··· Provided information
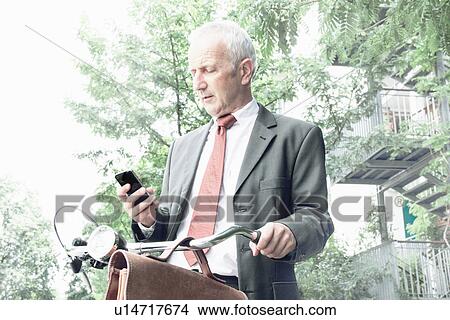 Businessman using cell phone on bicycle View Large Photo Image Picture - Businessman using cell phone on bicycle. Fotosearch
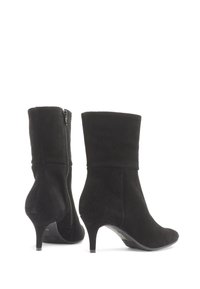 Par svart mocka midjekorta stövlar med spetsiga tår, sidodragkedjor och smala kittenklackar mot en vit bakgrund.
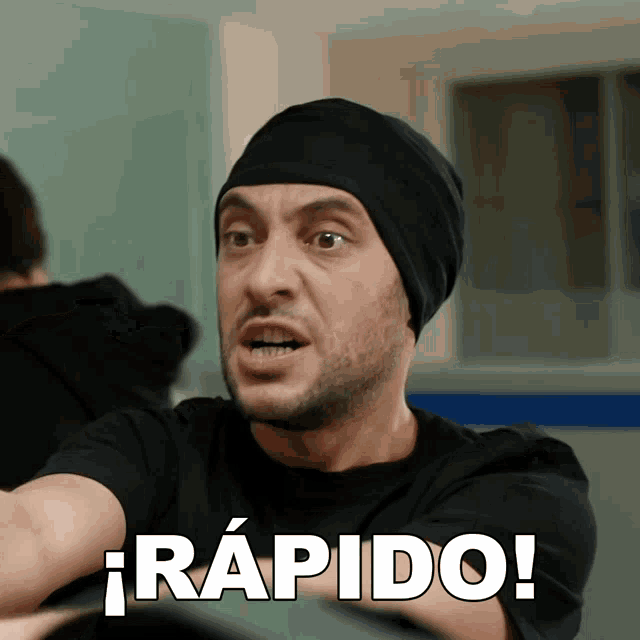 a man wearing a black beanie says rapido in spanish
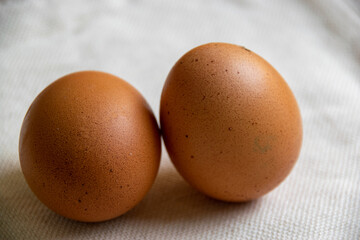 chicken eggs on the background of white burlap,healthy food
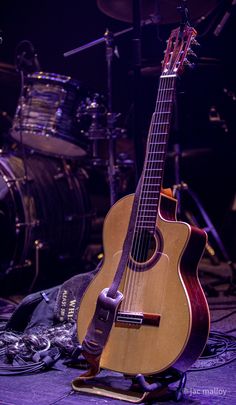 an acoustic guitar sitting on top of a wooden stand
······
Without the pictures, repeat exactly the lines running from the line containing "Par svart mocka" through the end of the data, both ends included.

### Answer for the task
 Par svart mocka midjekorta stövlar med spetsiga tår, sidodragkedjor och smala kittenklackar mot en vit bakgrund.
 a man wearing a black beanie says rapido in spanish
 chicken eggs on the background of white burlap,healthy food
 an acoustic guitar sitting on top of a wooden stand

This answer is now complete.